Data shown:
[Start of section]

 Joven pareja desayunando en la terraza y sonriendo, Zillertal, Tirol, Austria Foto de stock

[End of section]
[Start of section]

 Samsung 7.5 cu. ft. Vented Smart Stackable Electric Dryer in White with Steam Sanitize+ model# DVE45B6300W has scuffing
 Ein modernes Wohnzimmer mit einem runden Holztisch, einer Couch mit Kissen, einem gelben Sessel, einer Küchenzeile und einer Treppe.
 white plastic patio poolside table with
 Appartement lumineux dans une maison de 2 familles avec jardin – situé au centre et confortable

[End of section]
[Start of section]

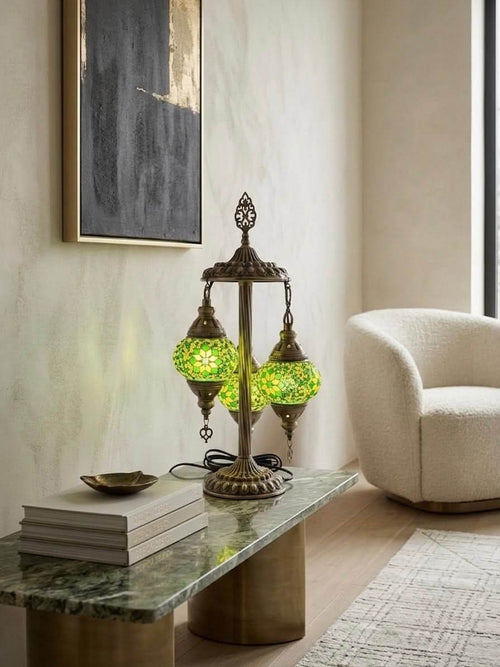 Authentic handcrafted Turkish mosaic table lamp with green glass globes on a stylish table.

[End of section]

What is needed is a verbatim copy of every line in the records above from the one containing "Ein modernes Wohnzimmer" down to the one containing "white plastic patio poolside table with", both included, and nothing more.

Written answer:
 Ein modernes Wohnzimmer mit einem runden Holztisch, einer Couch mit Kissen, einem gelben Sessel, einer Küchenzeile und einer Treppe.
 white plastic patio poolside table with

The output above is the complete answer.